In PostgreSQL 9.2 better performance may possibly be gained by adding:
CREATE INDEX account_signup_or_cancel ON accounts(signup_date,cancel_date);
and possibly:
CREATE INDEX account_signup_date_nonnull
ON accounts(signup_date) WHERE (signup_date IS NOT NULL);
CREATE INDEX account_cancel_date_desc_nonnull
ON accounts(cancel_date DESC) WHERE (cancel_date IS NOT NULL);
to allow index-only scans. It's hard to make solid index recommendations without the actual data to test with.

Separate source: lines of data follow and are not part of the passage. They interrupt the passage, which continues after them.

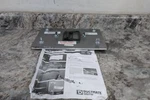 Ductmate GRD106ULBI 8 In Door Width Steel Access (bw). Fixed Price $49.99.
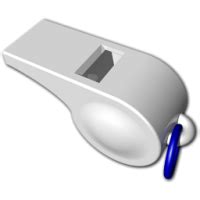 Whistle PNG transparent image download, size: 2032x2047px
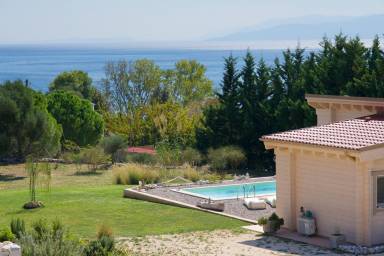 Villa Livathou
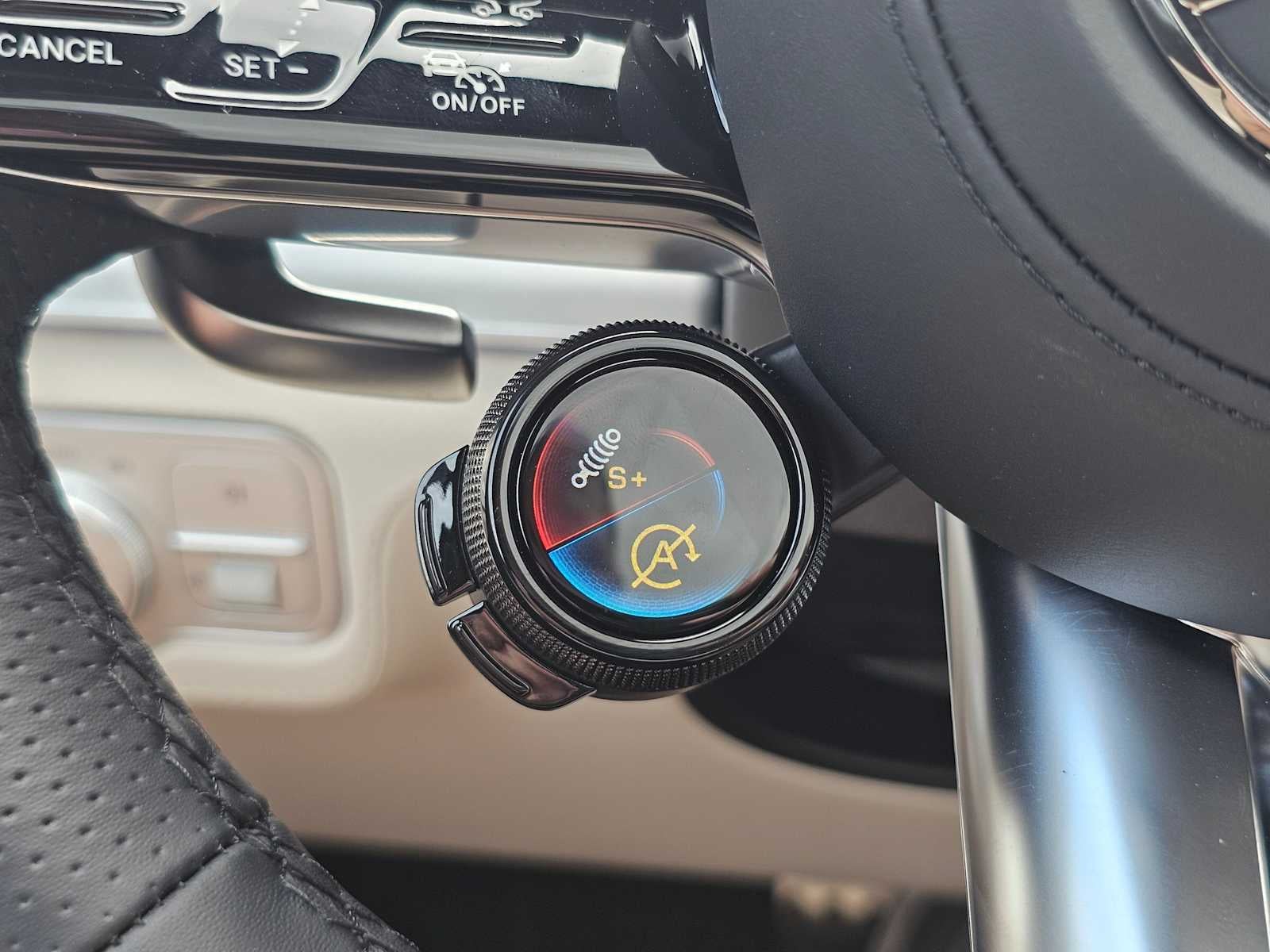 2026 Mercedes-Benz GLE AMG® GLE 53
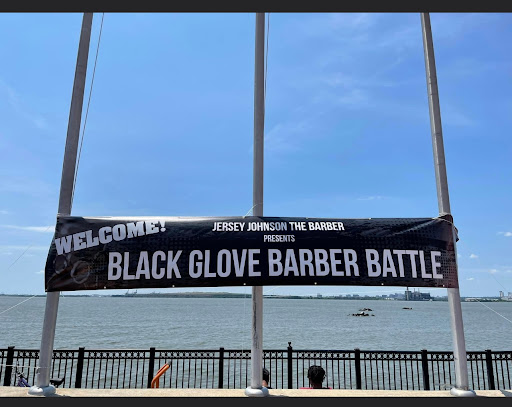 Black Glove Barber Studio - Thumbnail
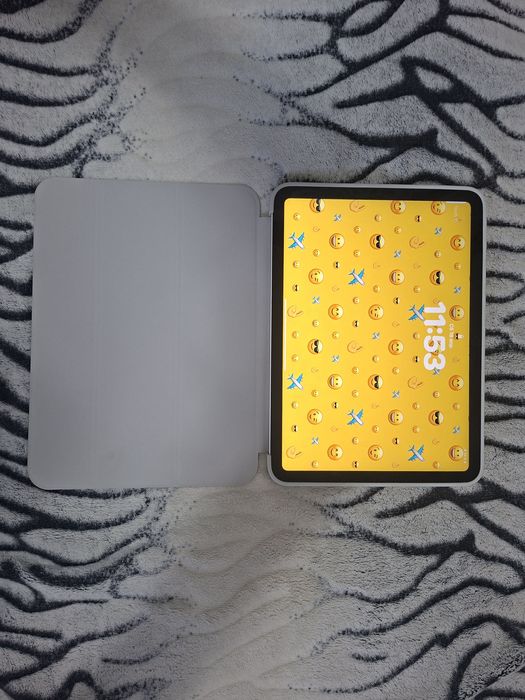 Aipad 10 поколения.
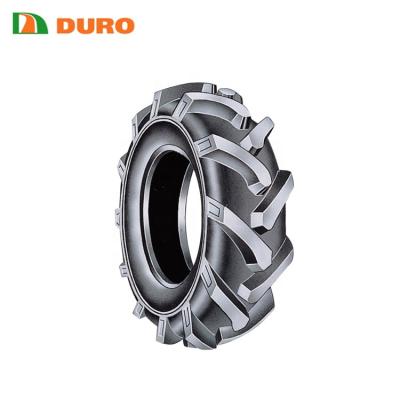 China Agriculture Chevron Model 5.00-10 Farm Tractor Tractor Tires for sale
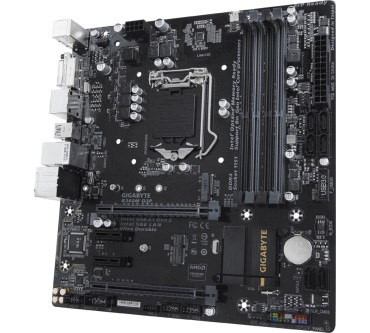 Produktbild GigaByte B360M D3P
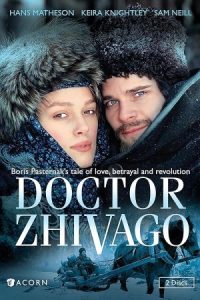 Doctor Zhivago 2002 دکتر ژیواگو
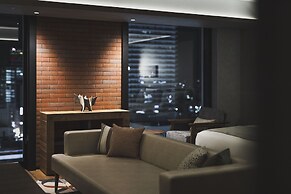 SAPPORO STREAM HOTEL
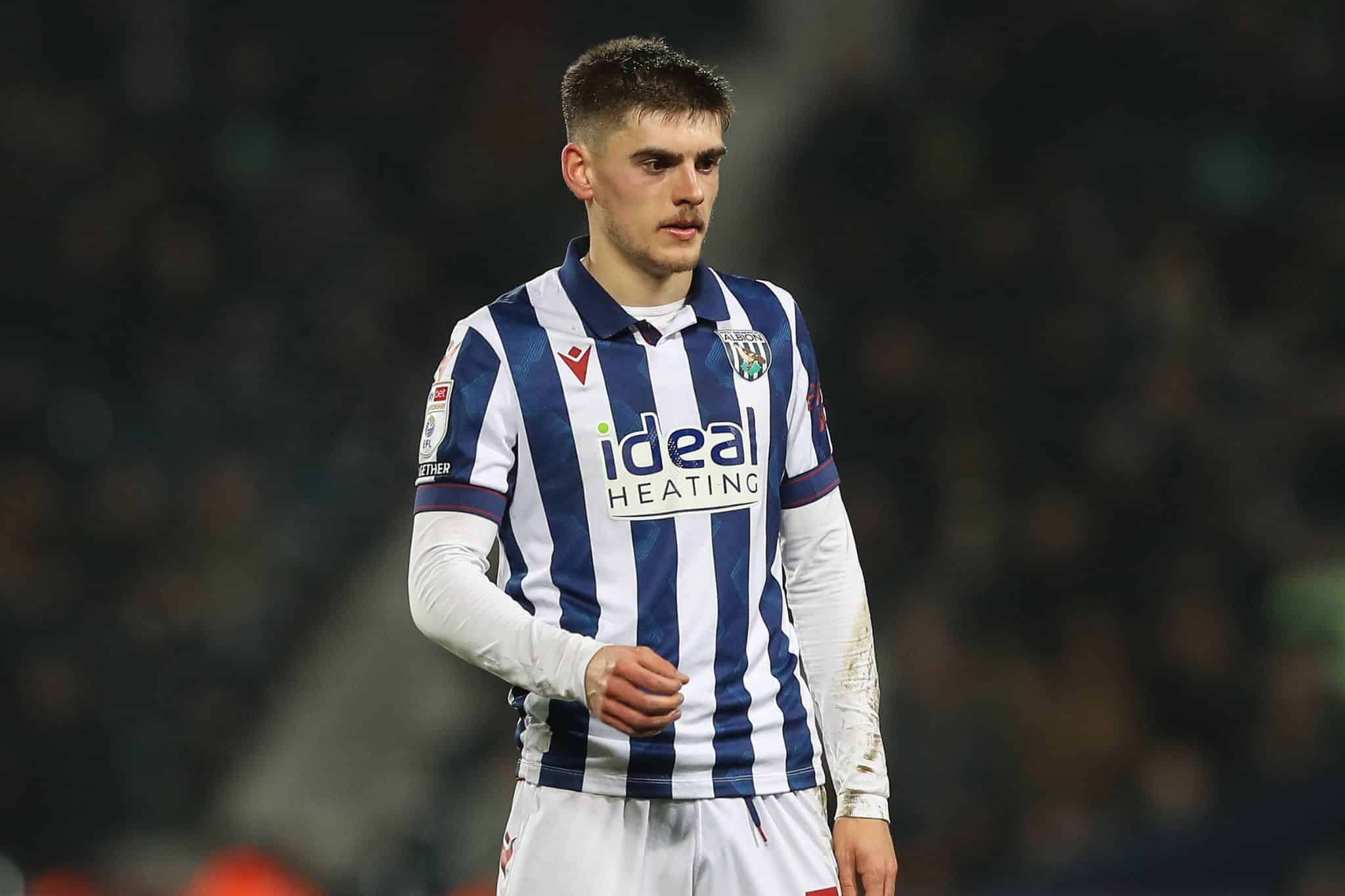 Everton transfer news: Toffees confident of signing Championship star this summer – Whisper+ verdict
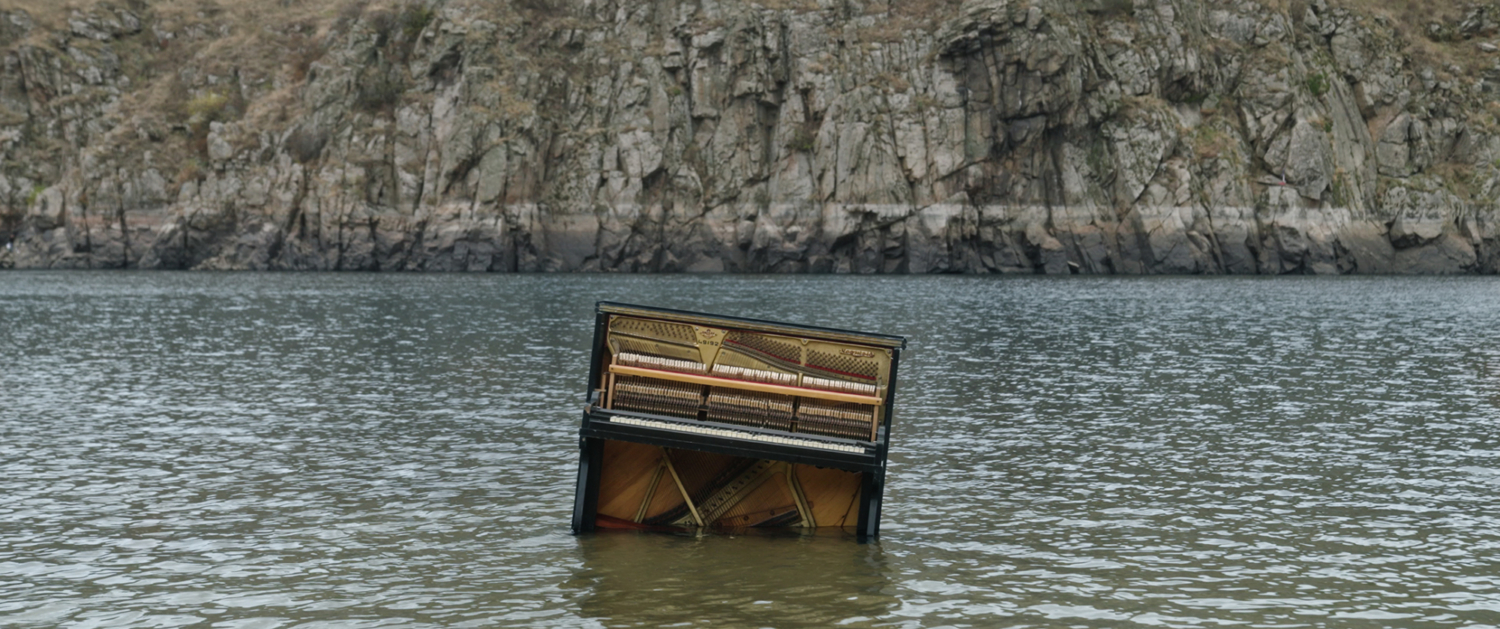 GAIA-24. Opera del Mondo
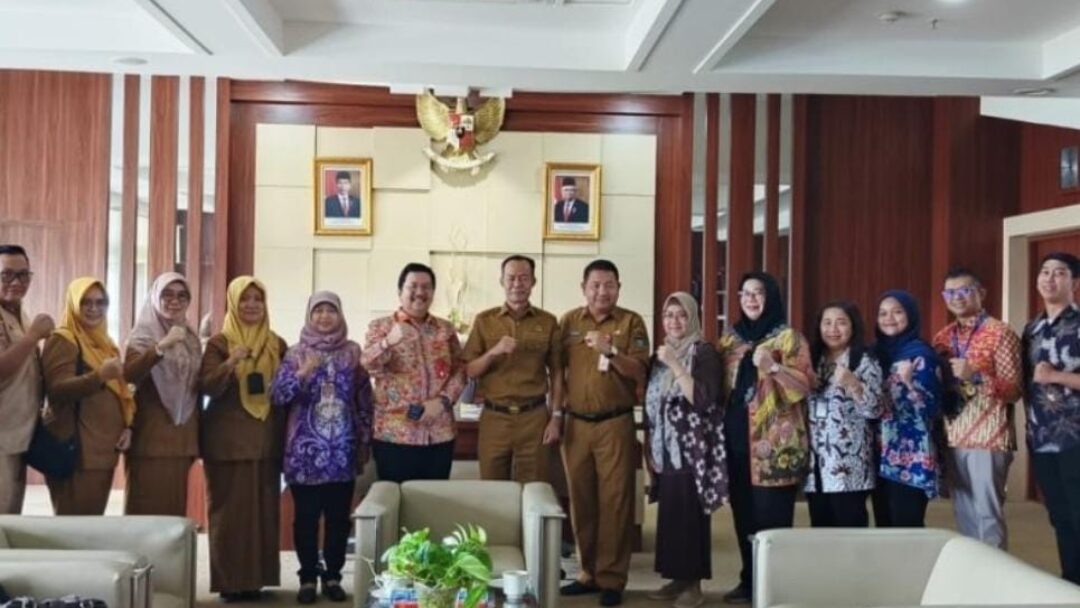 Ditjen Dukcapil Gelar Survei Kepuasan Masyarakat di Prabumulih Demi Perbaikan Berkelanjutan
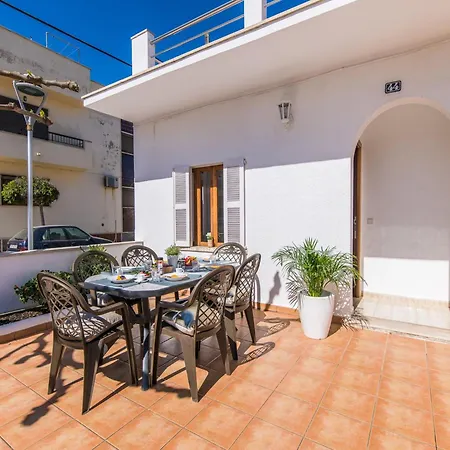 Peaceful 3-bedroom * Can Picafort (Mallorca)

Alternately, the subquery based approach with improved indexable filter condition:
SELECT m, (
SELECT count(signup_date)
FROM accounts
WHERE signup_date >= m AND signup_date < m + INTERVAL '1' MONTH
) AS n_signups, (
SELECT count(cancel_date)
FROM accounts
WHERE cancel_date >= m AND cancel_date < m + INTERVAL '1' MONTH
) AS n_cancels
FROM generate_series(
(SELECT date_trunc('month',min(signup_date)) FROM accounts),
(SELECT date_trunc('month',greatest(max(signup_date),max(cancel_date))) FROM accounts),
INTERVAL '1' MONTH
) AS m
GROUP BY m
ORDER BY m;
will benefit from ordinary b-tree indexes on signup_date and cancel_date, or from:
CREATE INDEX account_signup_date_nonnull
ON accounts(signup_date) WHERE (signup_date IS NOT NULL);
CREATE INDEX account_cancel_date_nonnull
ON accounts(cancel_date) WHERE (cancel_date IS NOT NULL);
Remember that every index you create imposes a penalty on INSERT and UPDATE performance, and competes with other indexes and help data for cache space. Try to create only indexes that make a big difference and are useful for other queries.